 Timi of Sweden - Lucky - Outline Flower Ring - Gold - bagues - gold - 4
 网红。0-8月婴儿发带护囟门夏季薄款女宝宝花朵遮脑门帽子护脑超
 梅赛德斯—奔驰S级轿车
---*---
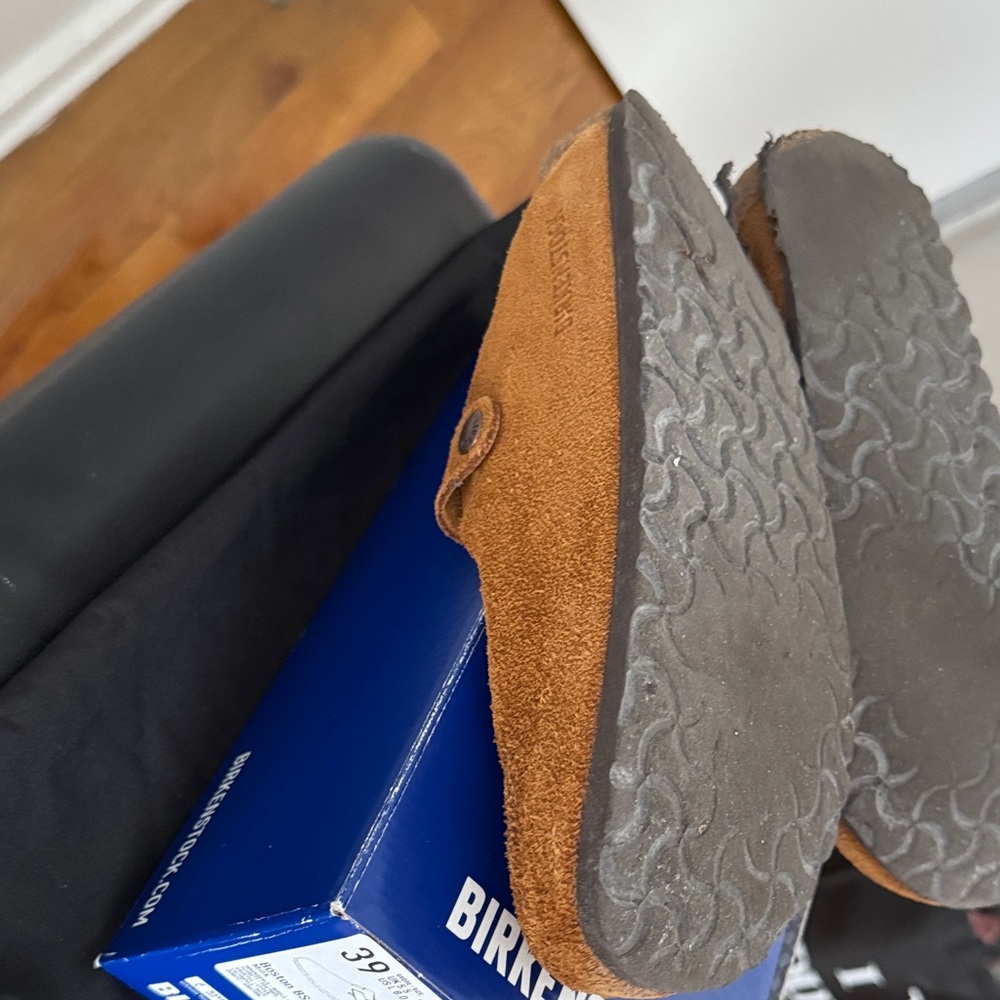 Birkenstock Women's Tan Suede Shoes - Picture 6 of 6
---*---
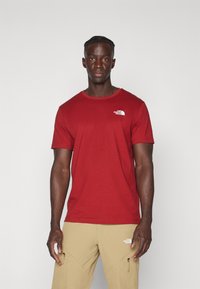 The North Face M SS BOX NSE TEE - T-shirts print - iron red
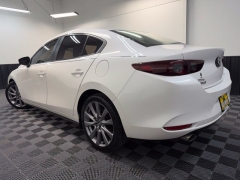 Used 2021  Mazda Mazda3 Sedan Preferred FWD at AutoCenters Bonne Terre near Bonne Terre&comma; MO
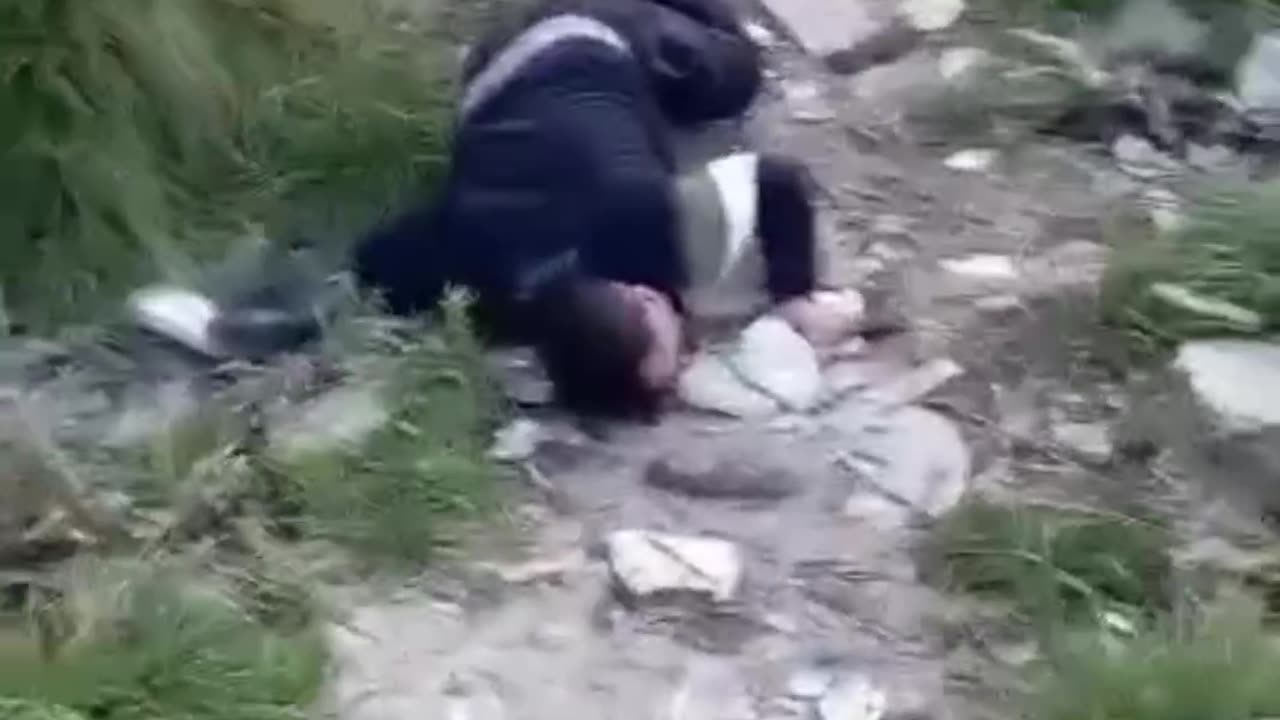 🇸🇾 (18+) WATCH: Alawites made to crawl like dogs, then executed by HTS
---*---
What the exercise asks — The expected answer is an exact copy of the lines above, beginning at the line with "Timi of Sweden" and ending at the line with "梅赛德斯—奔驰S级轿车", with both ends in.

Task output —
 Timi of Sweden - Lucky - Outline Flower Ring - Gold - bagues - gold - 4
 网红。0-8月婴儿发带护囟门夏季薄款女宝宝花朵遮脑门帽子护脑超
 梅赛德斯—奔驰S级轿车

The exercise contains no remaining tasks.